PATIOS, BALCONES Y TOCADORES
En Sucre, la evocación nos transporta a
suntuosas mansiones, donde los patios tienen rumor de surtidores de agua
cristalina, impregnando con sus efluvios, fragancia de heliotropos y jazmines,
en sus patios de ensoñación, matizados por el colorido de sus geranios en flor.
Belleza entrelazada con evocaciones históricas.
Los patios Chuquisaqueños desde el siglo XVI, hasta
mediados del siglo XX forman un conjunto que se divide en dos grupos según
criterios de la época y estilos.
Los mismos se han clasificado en :
a) Patios de edificios religiosos, especialmente
conventuales.
b) Patios de edificios oficiales, especialmente de
servicios públicos.
c) Patios de edificios institucionales, especialmente
escuelas, colegios y asociaciones diversas.
d) Patios de edificaciones privadas, especialmente casas
particulares con finalidades residenciales.
PATIO DE LA RECOLETA.- Tenemos
a la vista la Recoleta, antiguo convento que data del año 1600 y que fuera
cuartel durante la guerra de la Independencia ; hoy atesora a reliquias de
gran valor artístico y cultural ; el impresionante recogimiento de sus
bellos y austeros patios... Ambiente que fuera morada por breves días del
Presidente Pedro Blanco, de quien cuenta la historia que aquí fue acribillado a
balazos por sus detractores políticos. Es imperativo mencionar el famoso cedro
milenario de la huerta, lindante con el alegre patio de los naranjos.
PATIO DEL CONVENTO DE SANTA CLARA.-
El convento de monjas franciscanas se estableció en la ciudad de
La Plata en 1639 bajo el título de Santa Clara.

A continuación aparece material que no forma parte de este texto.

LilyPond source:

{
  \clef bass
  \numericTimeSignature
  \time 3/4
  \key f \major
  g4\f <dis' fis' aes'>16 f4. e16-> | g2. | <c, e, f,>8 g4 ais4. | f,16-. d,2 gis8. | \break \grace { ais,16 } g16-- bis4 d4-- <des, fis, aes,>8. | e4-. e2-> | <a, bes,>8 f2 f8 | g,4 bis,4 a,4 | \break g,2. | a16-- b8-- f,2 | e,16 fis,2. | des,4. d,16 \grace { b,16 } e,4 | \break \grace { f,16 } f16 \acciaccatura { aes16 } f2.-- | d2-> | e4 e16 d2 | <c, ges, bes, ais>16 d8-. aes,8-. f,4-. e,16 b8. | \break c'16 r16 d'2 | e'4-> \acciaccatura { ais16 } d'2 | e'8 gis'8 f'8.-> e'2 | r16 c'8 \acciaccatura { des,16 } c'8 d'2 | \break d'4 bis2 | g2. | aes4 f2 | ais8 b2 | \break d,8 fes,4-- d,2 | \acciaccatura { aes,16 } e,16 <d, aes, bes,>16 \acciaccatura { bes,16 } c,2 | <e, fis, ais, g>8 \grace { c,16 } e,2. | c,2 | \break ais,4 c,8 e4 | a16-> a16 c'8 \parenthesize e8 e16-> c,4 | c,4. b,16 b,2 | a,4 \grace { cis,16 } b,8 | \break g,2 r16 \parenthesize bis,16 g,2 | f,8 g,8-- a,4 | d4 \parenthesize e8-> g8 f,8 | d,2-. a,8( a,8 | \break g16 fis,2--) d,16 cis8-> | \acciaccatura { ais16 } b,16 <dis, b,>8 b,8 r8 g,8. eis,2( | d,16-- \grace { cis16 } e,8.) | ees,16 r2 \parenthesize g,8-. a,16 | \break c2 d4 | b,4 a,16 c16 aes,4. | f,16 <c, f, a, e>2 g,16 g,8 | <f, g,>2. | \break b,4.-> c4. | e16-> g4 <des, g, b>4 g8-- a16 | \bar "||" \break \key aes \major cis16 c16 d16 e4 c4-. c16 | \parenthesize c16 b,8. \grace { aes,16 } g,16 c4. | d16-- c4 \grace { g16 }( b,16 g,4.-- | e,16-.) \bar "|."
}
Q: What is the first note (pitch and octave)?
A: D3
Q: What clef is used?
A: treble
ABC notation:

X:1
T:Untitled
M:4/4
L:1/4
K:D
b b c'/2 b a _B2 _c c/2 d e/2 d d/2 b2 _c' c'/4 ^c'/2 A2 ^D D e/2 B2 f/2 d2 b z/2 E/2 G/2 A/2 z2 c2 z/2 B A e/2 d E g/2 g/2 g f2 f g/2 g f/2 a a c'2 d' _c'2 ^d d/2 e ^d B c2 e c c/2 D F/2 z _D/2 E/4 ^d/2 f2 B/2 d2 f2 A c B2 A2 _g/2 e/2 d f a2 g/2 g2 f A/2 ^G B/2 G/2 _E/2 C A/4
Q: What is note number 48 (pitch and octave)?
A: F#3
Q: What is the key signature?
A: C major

De los varios que tiene este
monasterio, el principal es el más interesante. Es de forma cuadrangular con
galerías en sus cuatro lados que forman un amplio claustro doble, tanto del
piso bajo como del piso alto ; el conjunto es del llamado colonial
popular, con columnas de orden clásico y arcos de medio punto con guarda ;
entre la galería del piso bajo y la del alto, corre en toda su extensión un
simpático y airoso tejadillo que forma una especie de alero intermedio hacia el
patio. La galería baja, en cuanto a sus columnas y tienen la simetría
acostumbrada en esa época de : uno a dos de dos a tres, esto es de un arco
del claustro bajo por dos del claustro alto y dos columnas del claustro bajo
por tres del claustro alto.
El patio es de grandes proporciones, al centro tiene un
enorme jardín, dividido en ocho pasillos, se abren en el centro de un espacio
circular que preside una fuente octagonal, con un sencillo pero voluminoso
pedestal y su correspondiente taza circular con surtidor de agua. Las galerías
tienen piso de ladrillo antiguo, el pasillo exterior así como los interiores
del jardín están cubiertos de losas de piedra.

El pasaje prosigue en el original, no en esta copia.